The AI Behind Music

Esha Singaraju
10 min readJan 28, 2021

--

Photo courtesy of Franck V. on Unsplash

Spotify, with over 4 billion playlists, and countless features dedicated to personalization, has taken over the music streaming industry (286 million users!!). Softwares like GarageBand & Avid Pro allow artists to make music without having even a single physical instrument. The world of music has slowly become more digital, a journey from vinyl records to MP3 players & Apple Music. And the world’s latest breakthrough technology, Artificial Intelligence, is also paving its way into the industry. AI is allowing artists to lift no more than a finger to produce award-winning music. Allowing avid music listeners to find more artists and songs suited to them.

Allowing the music industry to evolve into an era of personalization and expression.

Wait, But What’s AI?

Artificial Intelligence, as its name might imply, is the concept of making machines more intelligent. Its purpose is to give machines tasks usually given to humans, as a way to make our lives easier. AI mimics our learning pattern to perform human tasks at a better and more accurate rate.

Machine Learning

Machine Learning is the idea of training a machine to read/understand data, and then apply its learnings to make new decisions. Think of an octopus as a machine, and you tell the octopus what qualifies as a fish and what doesn’t. You show it salmon, and tell the octopus that it’s a fish. It processes that information. You show it a shoe and tell it that the shoe is not a fish, and it processes that information as well. Then later, when it is shown a shoe, the octopus knows that the shoe does not qualify as a fish.

The types of Machine Learning are two-fold: supervised learning and unsupervised learning.

Supervised learning is like the octopus example shown earlier. You show the octopus a shoe, and tell the octopus that it is a shoe and not a fish. This is known as labeled data because we are… labeling the data and calling a shoe a shoe and not a fish. Using a Supervised Machine Learning Algorithm, it can predict what is a shoe and what is a fish (when given only the options of shoe and fish, of course).

Unsupervised learning, on the other hand, is giving the octopus a shoe and letting it create its own label for that data. For example, we give the octopus a goldfish, and the octopus labels the goldfish as orange. It now knows to differentiate between an orange goldfish and everything else that is not an orange goldfish. Unsupervised learning uses a process called data mining, discovering unique patterns/categories within the data given.

Neural Networks

Courtesy of Glosser.ca

Neural Networks are an important part of AI. A neuron is a single learning unit. So, as imagined, a neural network is a combined connection of many different neurons. All of their input and outputs are intertwined, and it’s modeled after the existing network of neurons in our brain.

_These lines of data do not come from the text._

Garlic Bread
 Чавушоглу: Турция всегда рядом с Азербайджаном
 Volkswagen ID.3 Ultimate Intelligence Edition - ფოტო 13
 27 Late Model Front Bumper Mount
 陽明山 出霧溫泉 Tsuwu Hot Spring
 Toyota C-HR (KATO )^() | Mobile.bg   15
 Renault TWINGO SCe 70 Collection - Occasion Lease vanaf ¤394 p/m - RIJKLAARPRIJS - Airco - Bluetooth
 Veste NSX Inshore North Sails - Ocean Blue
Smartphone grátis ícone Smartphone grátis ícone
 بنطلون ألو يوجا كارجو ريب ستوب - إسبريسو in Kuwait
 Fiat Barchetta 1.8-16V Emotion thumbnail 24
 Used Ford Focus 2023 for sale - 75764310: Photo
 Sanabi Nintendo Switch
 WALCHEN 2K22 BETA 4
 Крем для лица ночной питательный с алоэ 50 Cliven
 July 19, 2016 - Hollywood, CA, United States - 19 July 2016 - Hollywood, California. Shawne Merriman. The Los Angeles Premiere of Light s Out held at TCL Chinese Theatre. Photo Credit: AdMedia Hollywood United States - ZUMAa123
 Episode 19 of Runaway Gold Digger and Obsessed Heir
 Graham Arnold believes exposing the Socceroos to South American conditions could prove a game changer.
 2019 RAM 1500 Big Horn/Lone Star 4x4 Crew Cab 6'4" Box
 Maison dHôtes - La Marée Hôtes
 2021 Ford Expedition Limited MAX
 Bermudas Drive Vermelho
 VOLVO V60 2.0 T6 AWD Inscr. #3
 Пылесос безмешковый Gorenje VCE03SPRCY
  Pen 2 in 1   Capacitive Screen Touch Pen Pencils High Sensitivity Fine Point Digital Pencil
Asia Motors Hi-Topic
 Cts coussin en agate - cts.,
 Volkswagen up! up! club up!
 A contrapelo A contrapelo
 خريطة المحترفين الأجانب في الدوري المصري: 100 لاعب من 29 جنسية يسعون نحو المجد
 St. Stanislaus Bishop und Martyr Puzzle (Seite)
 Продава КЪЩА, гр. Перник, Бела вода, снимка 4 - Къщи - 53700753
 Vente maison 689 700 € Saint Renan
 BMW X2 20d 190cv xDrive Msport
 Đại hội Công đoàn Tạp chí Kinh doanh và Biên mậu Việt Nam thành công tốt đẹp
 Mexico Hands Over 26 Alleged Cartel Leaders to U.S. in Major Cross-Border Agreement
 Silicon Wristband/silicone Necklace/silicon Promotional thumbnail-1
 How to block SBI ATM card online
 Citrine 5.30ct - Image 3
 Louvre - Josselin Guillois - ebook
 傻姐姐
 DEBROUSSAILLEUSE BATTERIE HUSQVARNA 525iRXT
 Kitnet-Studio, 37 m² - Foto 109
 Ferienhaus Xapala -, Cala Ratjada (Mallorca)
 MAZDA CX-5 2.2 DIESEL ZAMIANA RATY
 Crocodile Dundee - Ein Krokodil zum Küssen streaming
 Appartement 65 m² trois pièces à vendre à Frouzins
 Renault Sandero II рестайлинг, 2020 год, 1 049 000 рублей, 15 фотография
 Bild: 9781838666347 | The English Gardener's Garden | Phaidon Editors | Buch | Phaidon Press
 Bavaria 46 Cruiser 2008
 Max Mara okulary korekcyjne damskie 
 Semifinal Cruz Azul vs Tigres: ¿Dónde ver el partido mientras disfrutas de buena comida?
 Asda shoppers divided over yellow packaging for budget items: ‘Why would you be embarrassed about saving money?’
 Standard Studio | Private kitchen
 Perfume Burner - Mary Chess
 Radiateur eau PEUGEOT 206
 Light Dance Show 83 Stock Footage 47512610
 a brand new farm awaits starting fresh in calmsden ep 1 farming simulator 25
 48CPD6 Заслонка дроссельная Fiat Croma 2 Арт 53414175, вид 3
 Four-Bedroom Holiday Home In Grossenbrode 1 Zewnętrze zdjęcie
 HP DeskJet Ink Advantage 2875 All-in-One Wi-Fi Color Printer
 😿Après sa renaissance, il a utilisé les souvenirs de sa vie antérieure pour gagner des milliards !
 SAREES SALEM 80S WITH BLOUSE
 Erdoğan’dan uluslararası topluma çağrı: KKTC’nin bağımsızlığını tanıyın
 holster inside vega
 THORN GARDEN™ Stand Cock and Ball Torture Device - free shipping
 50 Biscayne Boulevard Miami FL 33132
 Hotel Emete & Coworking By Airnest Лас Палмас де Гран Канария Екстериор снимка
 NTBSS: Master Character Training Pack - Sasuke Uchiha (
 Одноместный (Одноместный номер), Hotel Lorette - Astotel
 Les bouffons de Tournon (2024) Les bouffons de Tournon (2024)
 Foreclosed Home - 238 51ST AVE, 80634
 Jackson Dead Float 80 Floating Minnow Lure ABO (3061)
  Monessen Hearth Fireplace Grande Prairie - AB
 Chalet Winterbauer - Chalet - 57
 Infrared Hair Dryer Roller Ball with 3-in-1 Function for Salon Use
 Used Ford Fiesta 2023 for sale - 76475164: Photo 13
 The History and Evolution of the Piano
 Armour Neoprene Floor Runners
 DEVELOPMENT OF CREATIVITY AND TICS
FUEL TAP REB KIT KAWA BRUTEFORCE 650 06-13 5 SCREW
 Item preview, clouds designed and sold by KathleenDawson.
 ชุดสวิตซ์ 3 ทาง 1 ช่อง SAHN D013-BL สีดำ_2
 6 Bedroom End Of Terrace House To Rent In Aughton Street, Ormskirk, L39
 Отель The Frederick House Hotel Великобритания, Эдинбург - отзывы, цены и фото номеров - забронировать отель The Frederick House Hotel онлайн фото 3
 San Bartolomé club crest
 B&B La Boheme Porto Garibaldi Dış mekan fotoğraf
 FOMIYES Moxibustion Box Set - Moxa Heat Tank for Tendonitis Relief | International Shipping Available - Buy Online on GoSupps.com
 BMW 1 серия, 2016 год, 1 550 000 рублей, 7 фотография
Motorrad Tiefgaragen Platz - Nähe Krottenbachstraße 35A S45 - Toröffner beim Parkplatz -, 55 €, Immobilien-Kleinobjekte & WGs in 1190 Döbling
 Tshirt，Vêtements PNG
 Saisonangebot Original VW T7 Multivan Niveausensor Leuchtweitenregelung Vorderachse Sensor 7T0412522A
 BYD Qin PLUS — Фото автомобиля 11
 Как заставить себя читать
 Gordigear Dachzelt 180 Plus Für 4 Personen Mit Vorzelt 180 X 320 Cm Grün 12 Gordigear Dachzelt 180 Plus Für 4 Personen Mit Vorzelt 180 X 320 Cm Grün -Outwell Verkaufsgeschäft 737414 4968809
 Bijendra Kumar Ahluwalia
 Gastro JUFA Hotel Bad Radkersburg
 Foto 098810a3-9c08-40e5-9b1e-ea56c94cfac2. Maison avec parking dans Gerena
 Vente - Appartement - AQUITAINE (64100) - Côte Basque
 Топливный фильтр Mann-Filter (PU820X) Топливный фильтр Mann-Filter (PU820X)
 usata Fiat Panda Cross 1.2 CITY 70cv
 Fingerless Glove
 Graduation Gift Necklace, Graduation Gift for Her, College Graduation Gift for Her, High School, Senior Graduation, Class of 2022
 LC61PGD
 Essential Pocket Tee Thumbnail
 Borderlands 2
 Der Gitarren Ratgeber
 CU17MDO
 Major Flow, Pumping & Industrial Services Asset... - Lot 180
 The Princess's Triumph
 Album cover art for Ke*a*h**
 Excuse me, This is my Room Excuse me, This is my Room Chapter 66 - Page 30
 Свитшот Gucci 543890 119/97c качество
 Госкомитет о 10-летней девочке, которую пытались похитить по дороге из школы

Recurrent Neural Networks (RNN) are a type of neural network. It is the first AI algorithm that is able to remember its input and use it in its output. RNNs are perfect in problems requiring sequential data, such as the order of notes in a piano piece.

Convolutional Neural Networks (CNN) are another type of neural network. It’s very similar to a basic neural network, in that it analyzes an image’s raw pixel data to detect people, places, animals, things, etc.

So, if there’s anything you’ve understood from the last few paragraphs, it’s that AI & ML detect patterns — whether it be data we spoon-feed to them or data we throw at them (like throwing someone that can’t swim in the water and letting them figure it out). And patterns are extremely valuable in music. The chord progressions we use in pop songs are patterns, the rhythm/beat in songs are patterns, even our basic major & minor scales follow a simple pattern.

AI For Listeners:

Music streaming is constantly evolving. In the past, we were able to capture soundwaves onto vinyl. Listeners listened to a small number of artists, and their artist taste reflected their personality. You only listened to The Beatles or The Rolling Stones, not both. As time passed by, music streaming evolved to DVDs, allowing listeners to gather a larger collection of artists, genres, songs, and culture. In today’s world, we are able to listen to over 50 million songs at the tap of a button, through streaming services (like Spotify, Apple Music, and Pandora). These streaming services have advanced to provide you with personalized songs/artists/genres/playlists to enhance the listening experience. And it’s crazy accurate.

Spotify’s “Discover Weekly,” courtesy of Spotify

Take Spotify’s “Discover Weekly” for example. As a religious Spotify user, I look at this feature almost every week to find new artists and songs, and I have it to thank for my ~impeccable~ music taste. Discover Weekly works by using a combination of three different AI models: Collaborative Filtering, Audio Models, and Nature Language Processing.

Collaborative Filtering

This model basically involves comparing your listening trends on Spotify to other users. Rather than having a specific feedback/rating section, Spotify tracks value through other metrics like how many times a user replays a song, if it was added to a playlist, how many songs by a particular artist were listened to, etc. The model will compare your listening to someone with similar patterns, and recommend to the other the gaps. For this, the data contains a set of items and a set of users who have reacted to the items. Their reaction can be either explicit (favoriting a song on Spotify) or implicit (adding the song to a playlist, viewing the artist’s profile, replaying the song). This data is best represented through a matrix. The example below is a matrix representing 5 users and 5 items, with each user rating at least 2 of the items. For example, the third user has given the fifth item a rating of 1.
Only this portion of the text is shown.